Limit Problem | ISI-B.stat | Objective Problem 694

Try this beautiful problem on Limit, useful for ISI B.Stat Entrance.

Limit Problem | ISI B.Stat Entrance | Problem 694


Let \(a_1 = 1\) and \(a_n = n(a_{n-1} + 1)\) for \(n = 2, 3, ….\) Define \(P_n = (1 +1/a_1)(1 + 1/a_2)….(1 + 1/a_n)\).

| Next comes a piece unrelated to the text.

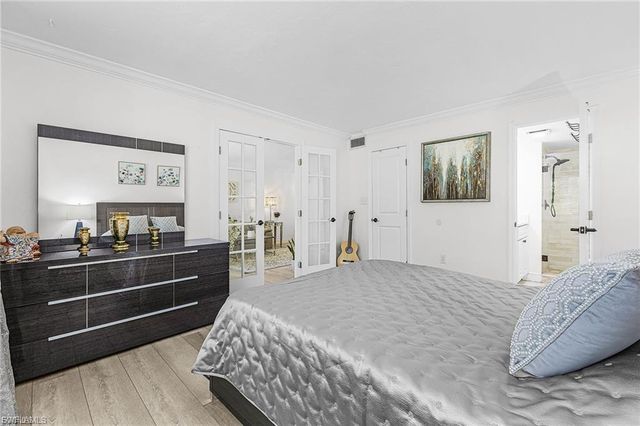 501 Forest Lakes BLVD 105, Naples, FL 34105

Then \(\lim\limits_{x \to \infty} {P_n}\)?

  • (a) \(1+e\)
  • (b) \(e\)
  • (c) \(1\)
  • (d) \(\infty\)

Key Concepts


Calculus

Limit

Trigonometry

Check the Answer


Answer: (b)\(e\)

TOMATO, Problem 709

Challenges and Thrills in Pre College Mathematics

Try with Hints


Given that \(P_n = (1 +1/a_1)(1 + 1/a_2)….(1 + 1/a_n)\)

Therefore \(P_n=\frac{a_1 +1}{a_1}.\frac{a_2 +1}{a_2}.\frac{a_3 +1}{a_3}…..\frac{a_n +1}{a_n}\)

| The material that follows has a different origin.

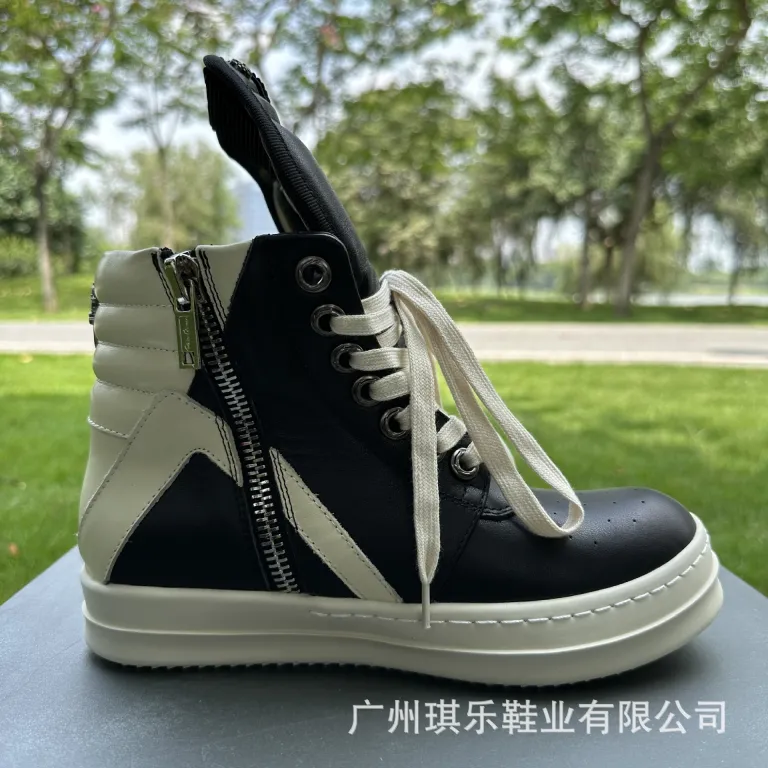 بوت ساق‌بلند چرم طبیعی مشکی طرح مثلث وارونه سایز بزرگ زیره ضخیم مدل Rick Owens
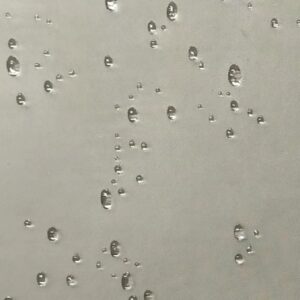 Primo piano di gocce d'acqua su un box doccia t.b.t.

Now \(a_n = n(a_{n-1} + 1)\)

Put \(n=2\), we will get \(a_1+1=\frac{a_2}{2}\)

\(a_2+1=\frac{a_3}{3}\)……………….

………………………..

…………………………

\(a_n+1=\frac{a_n}{n}\)

Therefore \(P_n=\frac{a_1 +1}{a_1}.\frac{a_2 +1}{a_2}.\frac{a_3 +1}{a_3}…..\frac{a_n +1}{a_n}\)

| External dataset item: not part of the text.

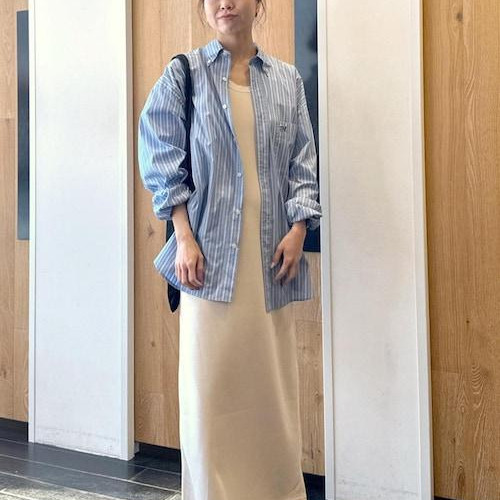 ชุดเดรสสายเดี่ยวทรงคาร์ดิแกน...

\(\Rightarrow {P_n}= \frac{a_2}{2a_1}.\frac{a_3}{3a_2}.\frac{a_4}{4a_3}……..\frac{a_{n+1}}{(n+1).{a_n}}\)

\(\Rightarrow {P_n}=\frac{a_{n+1}}{{a_1}\{2.3.4………..(n+1)\}}\)

\(\Rightarrow {P_n}=\frac{a_{n+1}}{\{1.2.3.4………..(n+1)\}}\) (as \(a_1=1\))

\(\Rightarrow {P_n}=\frac{a_{n+1}}{(n+1)!}\)

\(\Rightarrow {P_n}=\frac{(n+1)(a_n +1)}{(n+1)!}\)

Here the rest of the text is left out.